● Task details
The answer should consist of the records below, repeated exactly, and no pictures.

Stored data

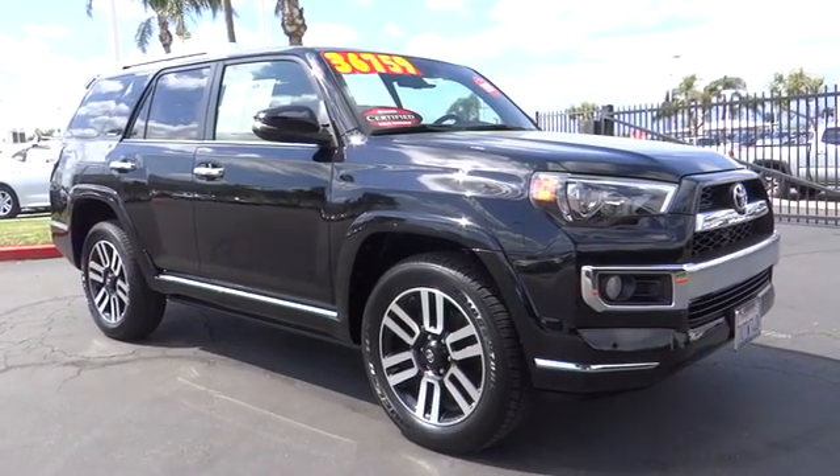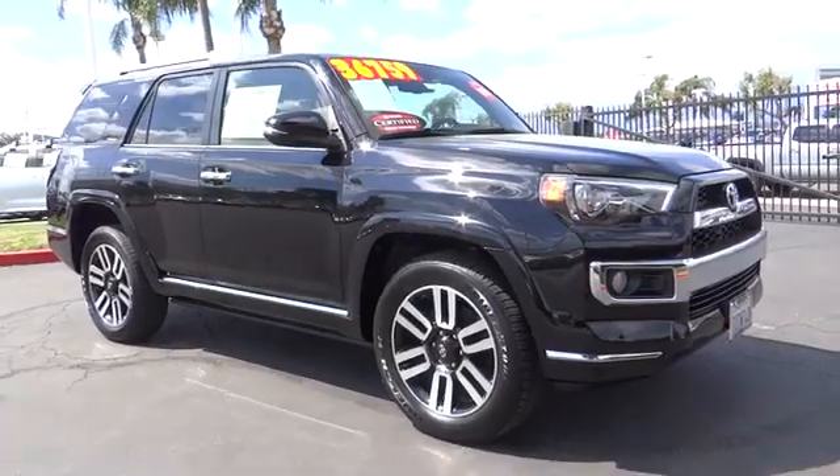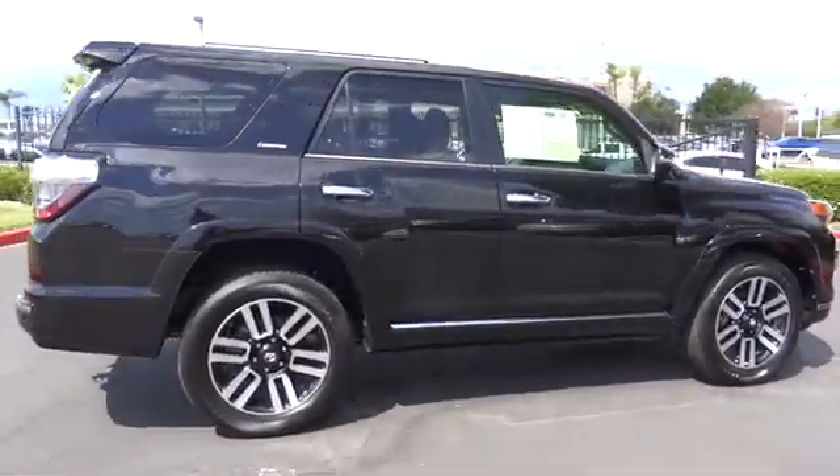A 2016 Toyota 4Runner. 4Runner durability is unbeatable. There are more 4Runners on the road today than any other midsize SUV. This vehicle has less than 35,000 miles.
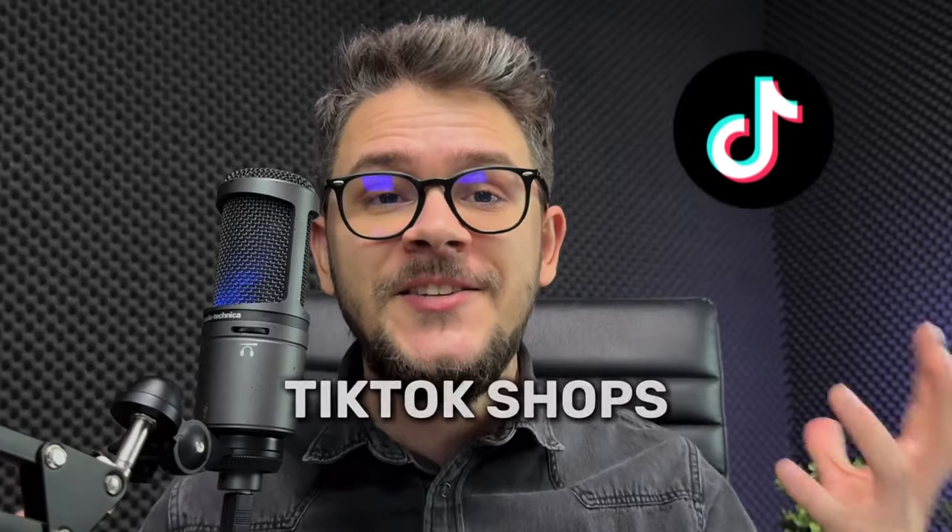That was it. I hope that this video was useful to you and now you're going to jump on this wave called TikTok Shops and make a lot of money. Thank you for watching. Until next time.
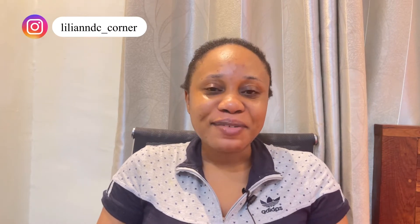Hi guys and welcome back to my channel, it's Lily. If I saw you for the first time, welcome. To my returning subscribers, thank you for coming back, and thank you to everyone who has been sharing my videos. New subscribers who are yet to subscribe, thank you very much, I really appreciate it.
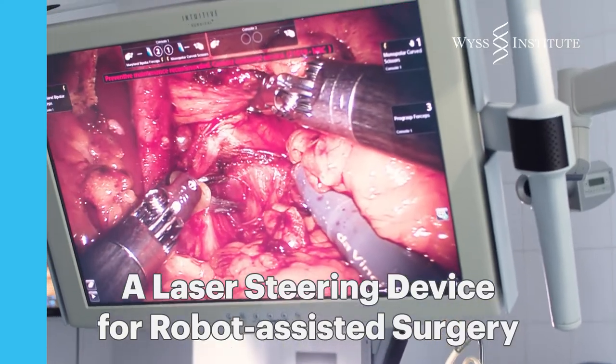This is a project on a laser steering device for robot-assisted surgery. This has spurred some innovation in recent years on the surgical side of things in minimally invasive surgery.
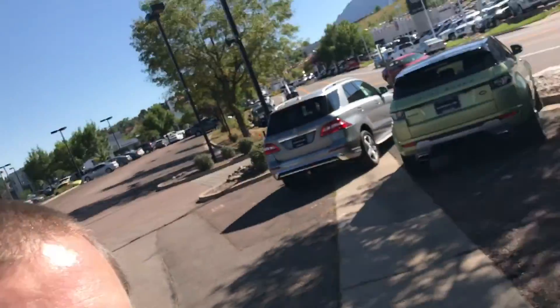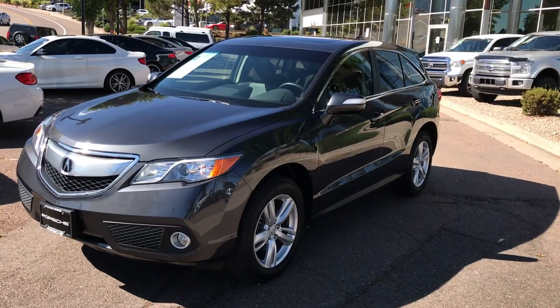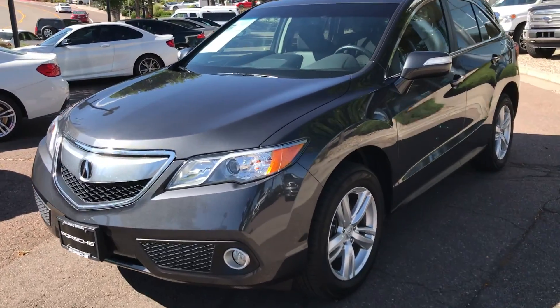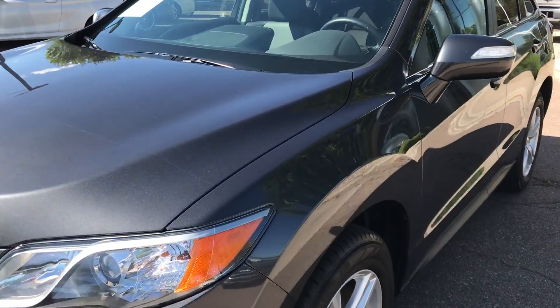Hey, this is Kirk at Porsche Colorado Springs. Here we've got the 2013 Acura RDX with tech package. It does have nav, entry and drive — pretty well equipped.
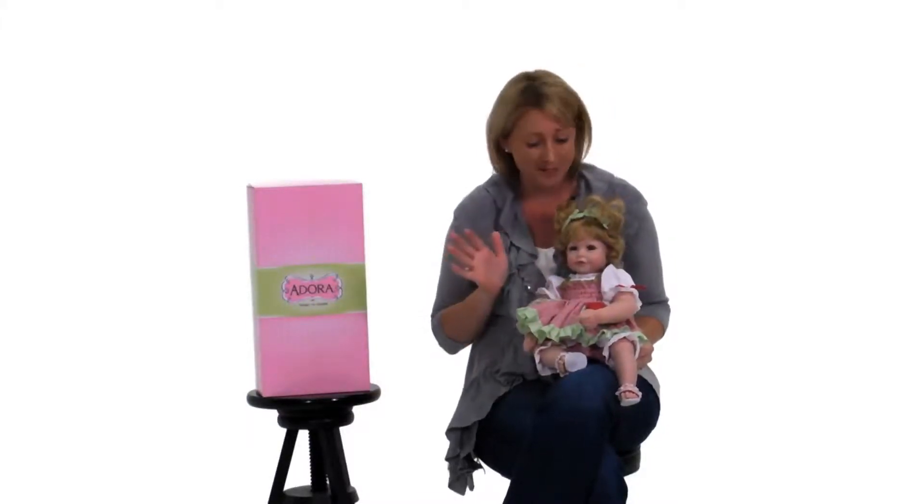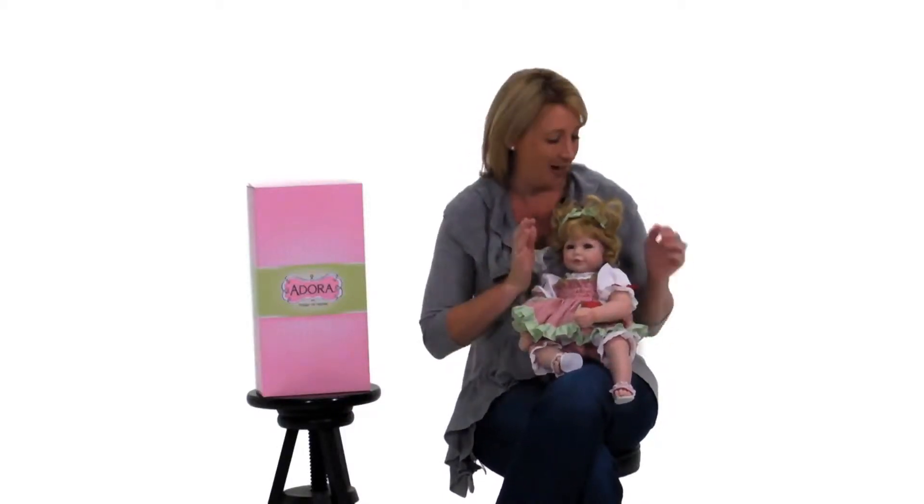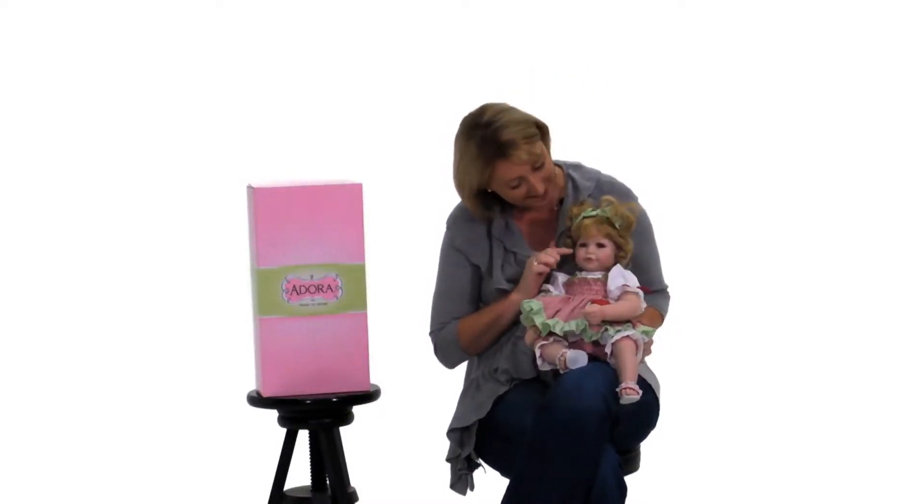This is Watermelon Wishes, Adora Babydoll, and she's going to have you wishing for summertime. She is so happy and bright and cheery with her cute little curly ringlet piggy tails. And she has sandy blonde hair with hazel eyes and cute pink rosy cheeks.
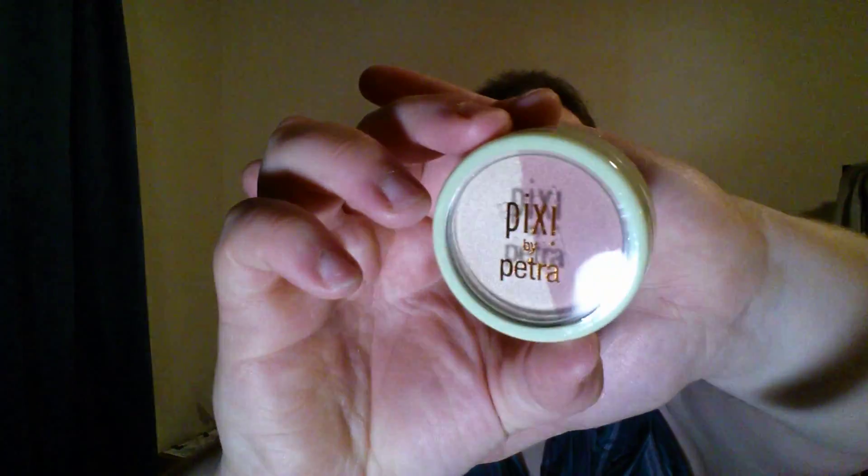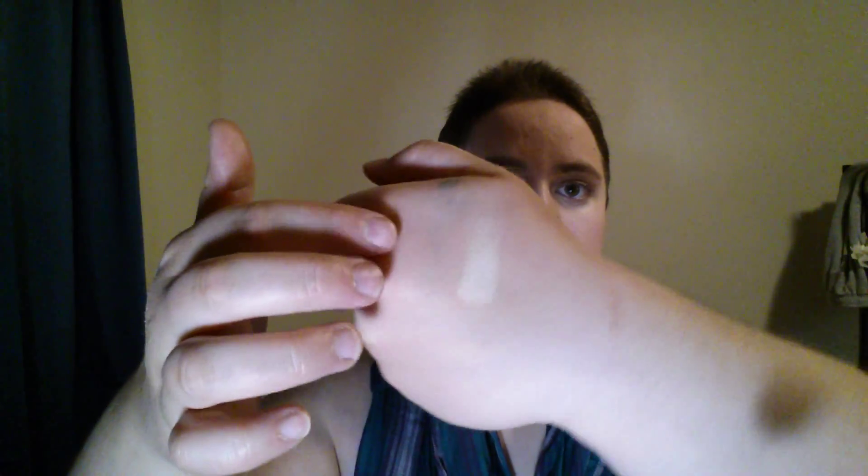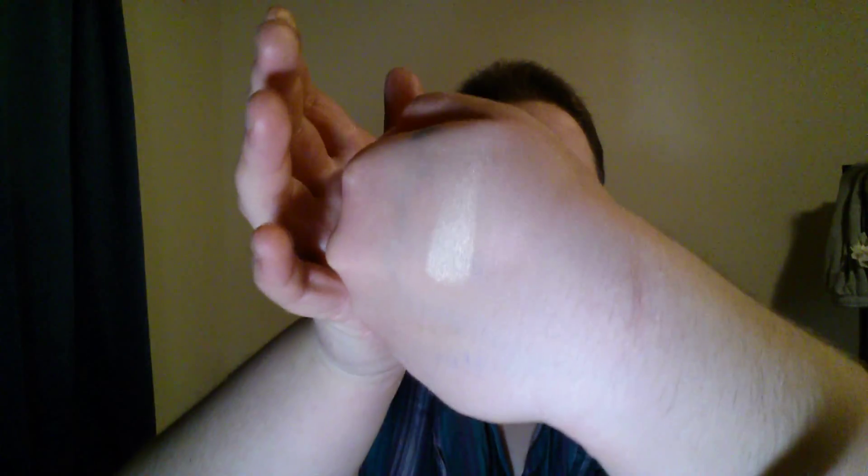Next we have something by Pixi by Petra — this is their Beauty Blush Duo in Rose Gold. Let me get the plastic off to show you guys. So there it is swatched — you can see the yellow highlight pretty well but you can't really see the blush as much. It's definitely a very light pink on my skin with a shimmer to it. It would be good for a light wash of color, although it's going to be hard to get into the pan without hitting both the highlight and blush at the same time. It is a full size, though, which is nice.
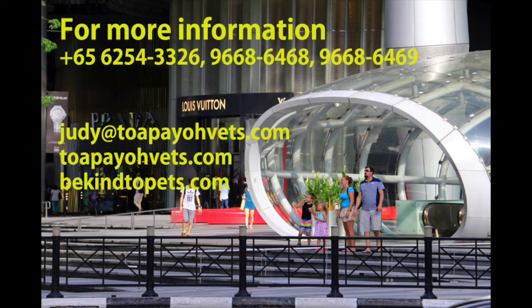This video was filmed in Topayo Vets. For more information, you can call one of these numbers or visit one of the websites. Thank you for your kind attention.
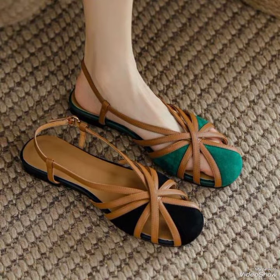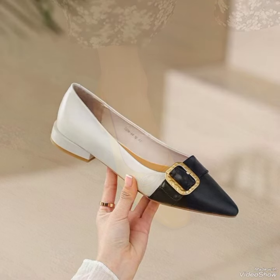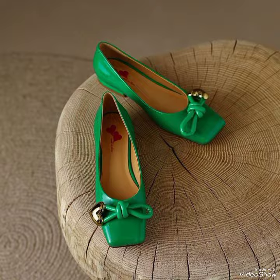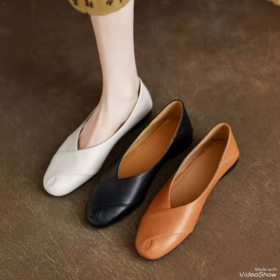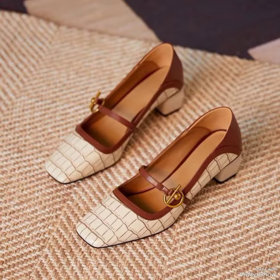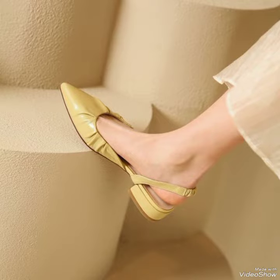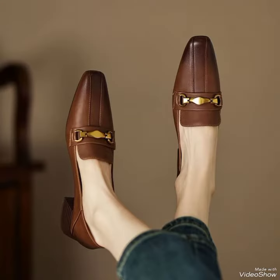Hello guys, welcome back to my YouTube channel! I am back with another amazing video, and I am literally obsessed with this collection. In this video we're going to discuss the different pump styles — you will see all the different varieties, different colors, and different styles of pumps that are wearable both in winter and summer.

● Result
A 2016 Toyota 4Runner. 4Runner durability is unbeatable. There are more 4Runners on the road today than any other midsize SUV. This vehicle has less than 35,000 miles.
That was it. I hope that this video was useful to you and now you're going to jump on this wave called TikTok Shops and make a lot of money. Thank you for watching. Until next time.
Hi guys and welcome back to my channel, it's Lily. If I saw you for the first time, welcome. To my returning subscribers, thank you for coming back, and thank you to everyone who has been sharing my videos. New subscribers who are yet to subscribe, thank you very much, I really appreciate it.
This is a project on a laser steering device for robot-assisted surgery. This has spurred some innovation in recent years on the surgical side of things in minimally invasive surgery.
Hey, this is Kirk at Porsche Colorado Springs. Here we've got the 2013 Acura RDX with tech package. It does have nav, entry and drive — pretty well equipped.
This is Watermelon Wishes, Adora Babydoll, and she's going to have you wishing for summertime. She is so happy and bright and cheery with her cute little curly ringlet piggy tails. And she has sandy blonde hair with hazel eyes and cute pink rosy cheeks.
Next we have something by Pixi by Petra — this is their Beauty Blush Duo in Rose Gold. Let me get the plastic off to show you guys. So there it is swatched — you can see the yellow highlight pretty well but you can't really see the blush as much. It's definitely a very light pink on my skin with a shimmer to it. It would be good for a light wash of color, although it's going to be hard to get into the pan without hitting both the highlight and blush at the same time. It is a full size, though, which is nice.
This video was filmed in Topayo Vets. For more information, you can call one of these numbers or visit one of the websites. Thank you for your kind attention.
Hello guys, welcome back to my YouTube channel! I am back with another amazing video, and I am literally obsessed with this collection. In this video we're going to discuss the different pump styles — you will see all the different varieties, different colors, and different styles of pumps that are wearable both in winter and summer.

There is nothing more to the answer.